Function atoi returns wrong number

Question

I wrote the following code:

#include <stdio.h>
#include <stdlib.h>

void main (void) {

//------------------------ Variaveis------------------------//
    char num[2];
    int aux1, aux2, aux3;

//------------------------Parte grafica---------------------//
    printf ("Escreva um numero de 0 a 99: ");
    scanf ("%s", &num);
    printf("\nEste numero por extenso eh: ");

//-------------------------Conversão------------------------//
    aux1 = atoi(num);
    aux2 = atoi(&num[0]);
    aux3 = atoi(&num[1]);

Don't mind the language, the point is, if you type a number like "56" for scanf to read for example, aux2 gets the value of "56" instead of "5" that I wanted, and aux3 gets the value of "6" which is actually what I expected.
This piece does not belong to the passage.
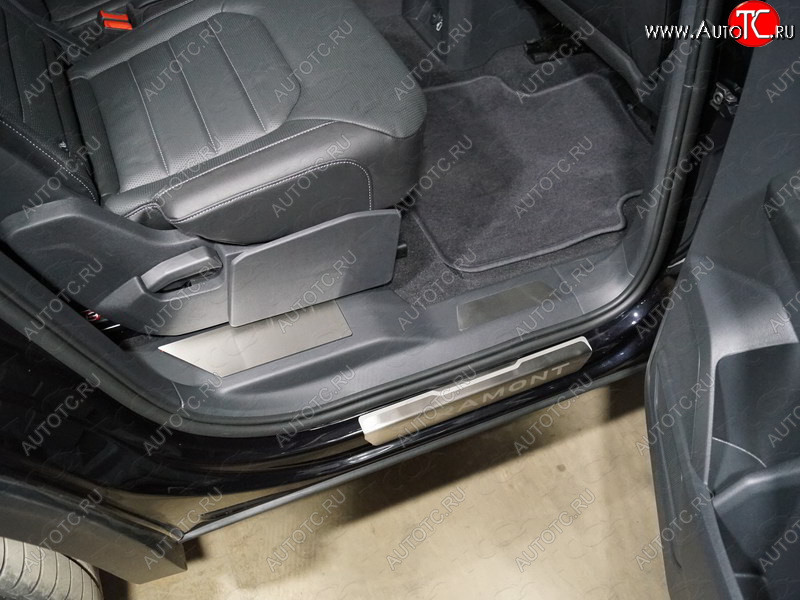 3 999 р. Накладки на пластиковые пороги задние, ТСС Тюнинг  Volkswagen Teramont  CA1 (2016-2020) дорестайлинг (лист шлифованный)  с доставкой в г. Майкоп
What is wrong with aux2?

Answer 1

You have undefined behavior as you dont have space of null terminator when you enter 2 digit numeric value as string in char num[3];

Change it to char num[3] and take input as:

scanf ("%2s", num);

When you print

printf("%d %d %d\n",aux1,aux2,aux3); // for input 56

You would get 56 56 6 The reason is num and &num[0] are same, they point to same address where as &num[1] would point to next address so you get 6 there

Answer 2

Once you fix undefined behavior by adding space for null terminator, let's consider behavior of your program.

What is wrong with aux2?

Since atoi considers the whole string, aux2 is the same as aux, because it's the string starting at '5' and continuing to '\0'.

If you wanted to get the individual digits, use subtraction of '0':

int aux2 = num[0] - '0';
int aux3 = num[1] - '0';

Make sure that num has exactly two characters, and both characters are digits.